▶ **REQUIREMENT**
For every record that follows, write out the text exactly and omit the picture, if one is present.

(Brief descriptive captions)
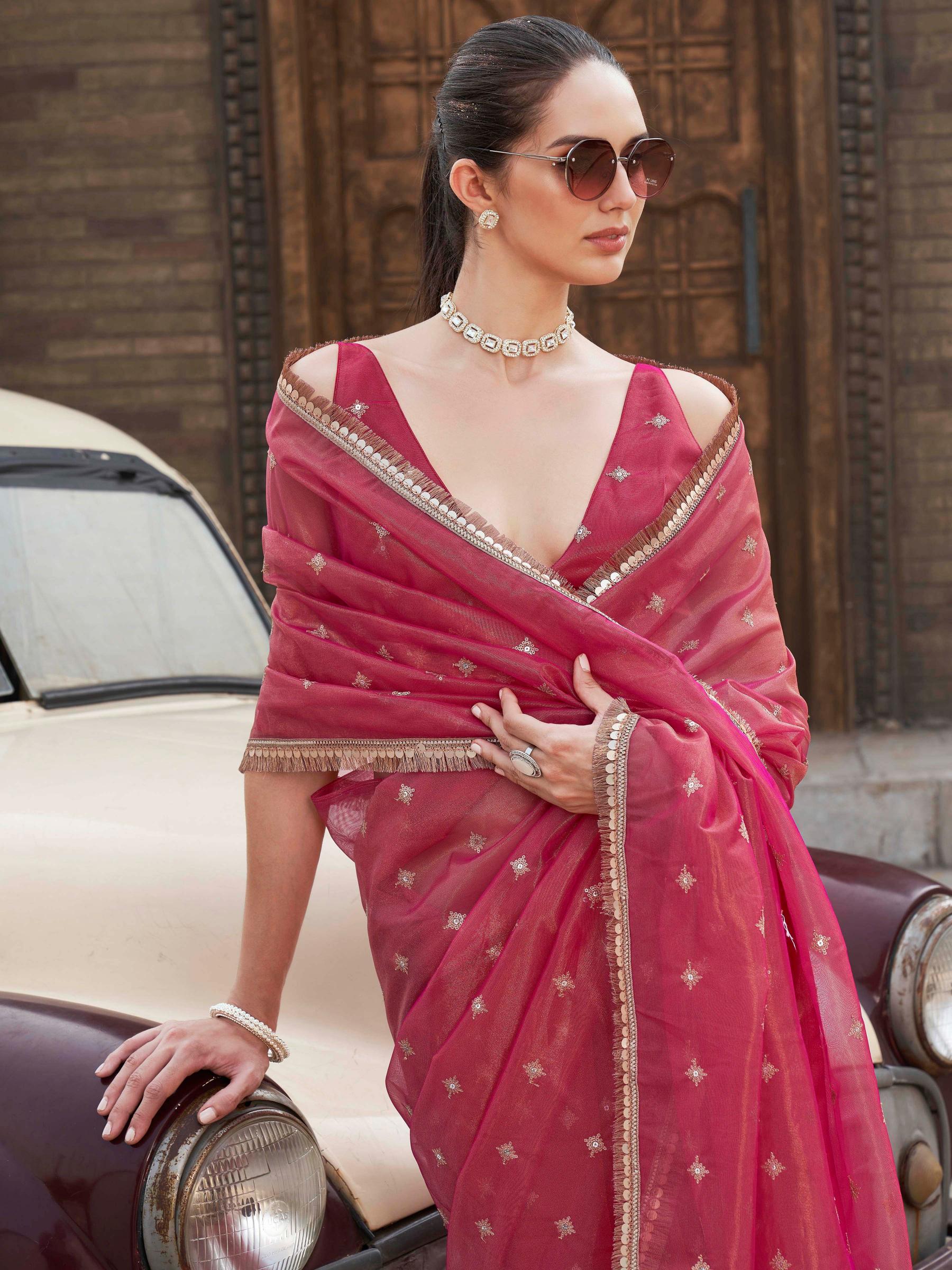 Pink colored shimmer net saree with sequinned butti and embroidered border
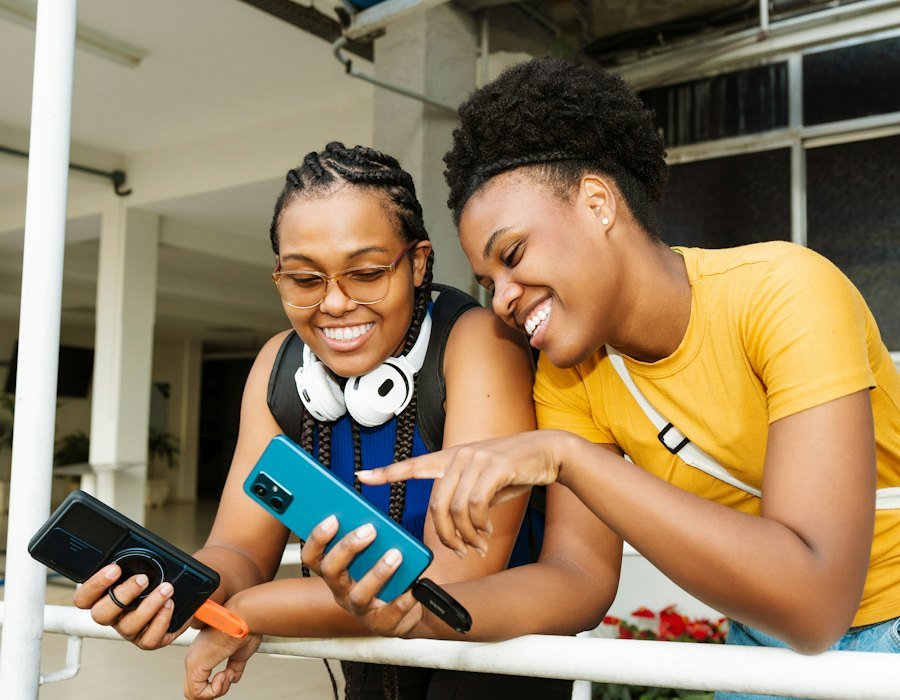 Deux jeunes femmes rient devant un smartphone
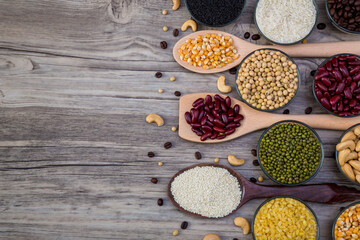 Obraz na płótnie Canvas Cereal grains seeds beans on wooden background. Whole grains and bean. Cereals and beans. Different dry legumes for eating healthy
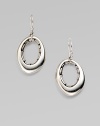 From the Kali Collection. A free-formed, open oval with a pebbled interior in sleek sterling silver. Sterling silverLength, about 1½French wire backImported 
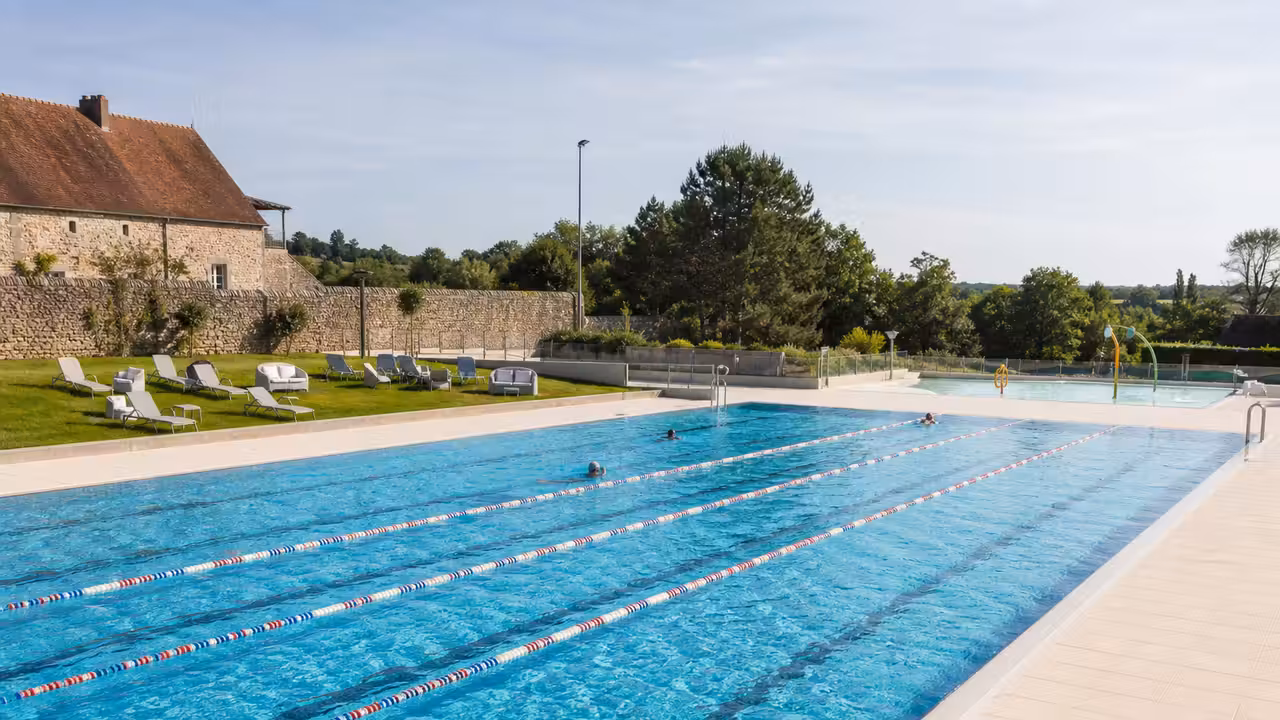 Grand bassin de 25 mètres et solarium enherbé d’une piscine publique rénovée en Nouvelle-Aquitaine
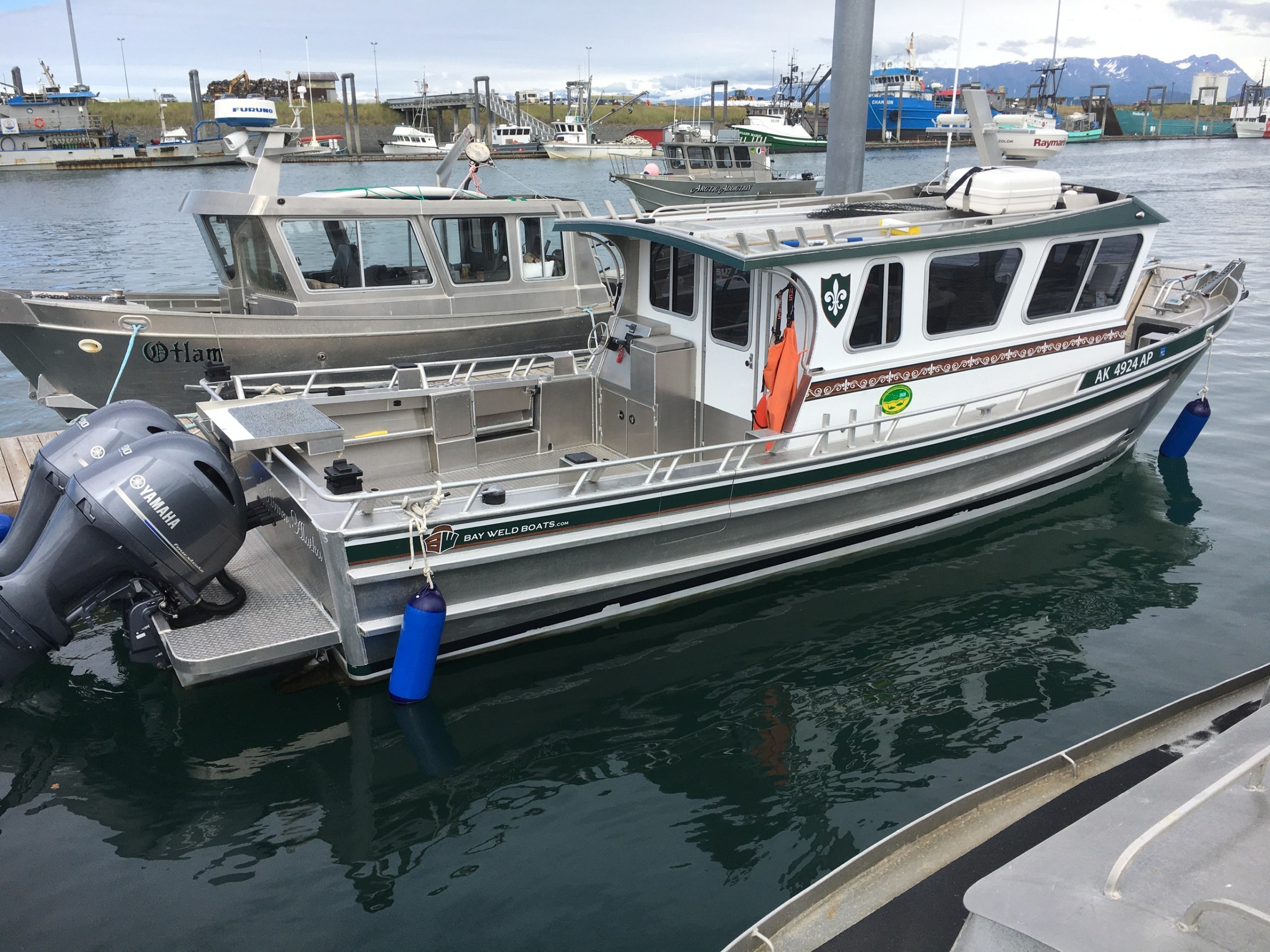 a boat is docked next to a body of water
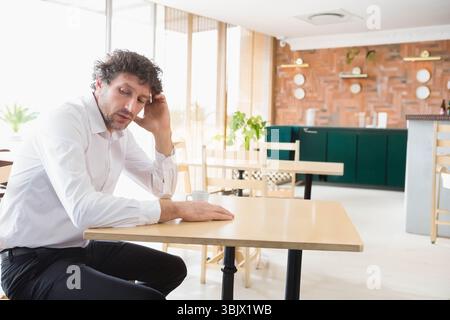 Man sitting at wooden cafe table resting head on hand holding coffee cup, copy space Stock Photo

▶ **OUTPUT FOR THIS EXERCISE**
 Pink colored shimmer net saree with sequinned butti and embroidered border
 Deux jeunes femmes rient devant un smartphone
 Obraz na płótnie Canvas Cereal grains seeds beans on wooden background. Whole grains and bean. Cereals and beans. Different dry legumes for eating healthy
 From the Kali Collection. A free-formed, open oval with a pebbled interior in sleek sterling silver. Sterling silverLength, about 1½French wire backImported 
 Grand bassin de 25 mètres et solarium enherbé d’une piscine publique rénovée en Nouvelle-Aquitaine
 a boat is docked next to a body of water
 Man sitting at wooden cafe table resting head on hand holding coffee cup, copy space Stock Photo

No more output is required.